Title: A symmetry-inclusive algebraic approach to genome rearrangement Show Chinese title

Title: 包含对称性的代数方法用于基因组重排

Abstract: Of the many modern approaches to calculating evolutionary distance via models of genome rearrangement, most are tied to a particular set of genomic modelling assumptions and to a restricted class of allowed rearrangements. The "position paradigm", in which genomes are represented as permutations signifying the position (and orientation) of each region, enables a refined model-based approach, where one can select biologically plausible rearrangements and assign to them relative probabilities/costs. Here, one must further incorporate any underlying structural symmetry of the genomes into the calculations and ensure that this symmetry is reflected in the model.
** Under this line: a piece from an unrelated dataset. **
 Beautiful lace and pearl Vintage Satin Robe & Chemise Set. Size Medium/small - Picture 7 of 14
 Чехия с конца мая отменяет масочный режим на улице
In our recently-introduced framework of {\em genome algebras}, each genome corresponds to an element that simultaneously incorporates all of its inherent physical symmetries. The representation theory of these algebras then provides a natural model of evolution via rearrangement as a Markov chain. Whilst the implementation of this framework to calculate distances for genomes with `practical' numbers of regions is currently computationally infeasible, we consider it to be a significant theoretical advance: one can incorporate different genomic modelling assumptions, calculate various genomic distances, and compare the results under different rearrangement models. The aim of this paper is to demonstrate some of these features. Show Chinese abstract

Abstract: 在许多通过基因组重排模型计算进化距离的现代方法中，大多数都与特定的基因组建模假设相关，并且仅限于一类允许的重排。 "位置范式"中，基因组被表示为排列，表明每个区域的位置（和方向），这使得可以采用一种更精细的基于模型的方法，其中可以选择生物学上合理的重排并为其分配相对概率/成本。 在这里，必须进一步将基因组的任何潜在结构对称性纳入计算，并确保这种对称性反映在模型中。 在我们最近引入的{\em 基因组代数}框架中，每个基因组对应一个同时包含其所有固有物理对称性的元素。 这些代数的表示理论然后提供了一种通过重排进行进化的自然模型，即马尔可夫链。 尽管目前将此框架应用于具有“实际”区域数的基因组计算距离在计算上不可行，但我们认为这是一个重要的理论进展：可以纳入不同的基因组建模假设，计算各种基因组距离，并在不同的重排模型下比较结果。 本文的目的是展示其中的一些特性。